Twitter and Facebook allow clubs to publish information in an interactive and personal way, delivering it straight to the fans' news feeds with just the click of a "like" or "follow" button. The interactive element allows the fans to have their say on a public forum, whether it's about a match result, a potential signing or even uploading a picture of themselves doing something outrageous for their club!
One of the most important aspects of any sports team is that they have a loyal, growing fan base who feel that they are valued and will therefore stick by the club through success, failure and middling results. Social media provides the perfect opportunity for that and is being used ever more efficiently by teams around the world.
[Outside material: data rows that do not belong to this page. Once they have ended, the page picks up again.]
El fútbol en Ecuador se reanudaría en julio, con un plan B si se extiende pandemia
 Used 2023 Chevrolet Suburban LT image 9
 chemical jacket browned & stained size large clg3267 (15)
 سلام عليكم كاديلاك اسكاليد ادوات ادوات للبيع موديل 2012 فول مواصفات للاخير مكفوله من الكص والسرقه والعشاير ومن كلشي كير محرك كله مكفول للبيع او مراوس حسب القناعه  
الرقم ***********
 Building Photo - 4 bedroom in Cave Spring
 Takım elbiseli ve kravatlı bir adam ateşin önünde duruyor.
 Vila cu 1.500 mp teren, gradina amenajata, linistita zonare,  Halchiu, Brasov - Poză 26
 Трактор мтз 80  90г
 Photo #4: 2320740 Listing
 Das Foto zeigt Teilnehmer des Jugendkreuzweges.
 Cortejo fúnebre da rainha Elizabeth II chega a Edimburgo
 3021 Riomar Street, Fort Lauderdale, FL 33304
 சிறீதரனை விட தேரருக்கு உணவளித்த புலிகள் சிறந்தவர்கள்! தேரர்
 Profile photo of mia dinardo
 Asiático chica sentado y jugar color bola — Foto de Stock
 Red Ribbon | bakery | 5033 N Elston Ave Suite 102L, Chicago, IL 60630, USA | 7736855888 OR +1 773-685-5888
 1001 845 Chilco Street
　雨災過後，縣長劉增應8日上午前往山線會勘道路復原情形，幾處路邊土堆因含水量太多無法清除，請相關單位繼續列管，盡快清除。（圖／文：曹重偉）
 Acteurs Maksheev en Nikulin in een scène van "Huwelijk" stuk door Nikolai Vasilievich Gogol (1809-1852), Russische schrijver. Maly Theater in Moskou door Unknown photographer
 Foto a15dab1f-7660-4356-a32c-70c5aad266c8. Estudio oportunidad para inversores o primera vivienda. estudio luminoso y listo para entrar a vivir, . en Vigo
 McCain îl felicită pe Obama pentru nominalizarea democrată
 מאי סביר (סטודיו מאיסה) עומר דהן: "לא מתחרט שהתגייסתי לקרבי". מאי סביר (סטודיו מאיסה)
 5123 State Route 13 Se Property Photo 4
Social media was also used to great effect during the London 2012 Olympic Games. A Twitter feed started, then stopped, then restarted, to address the issue of the hundreds of empty seats within the venues. People from all around the world tweeted about the athletes' exploits and it gave competitors in the more obscure sports, such as handball and the canoe slalom, a platform to increase their followings. Team GB long jumper Greg Rutherford went from having around 5,000 Twitter followers before London 2012 to over 100,000 today.
Twitter was instrumental in raising the profile of these sports and athletes throughout the games and allowed the sportsmen and women to give a personal perspective on all aspects of the competition, seemingly unhindered by various PR and marketing machines.
Sports On Social Media Can Be A PR Disaster...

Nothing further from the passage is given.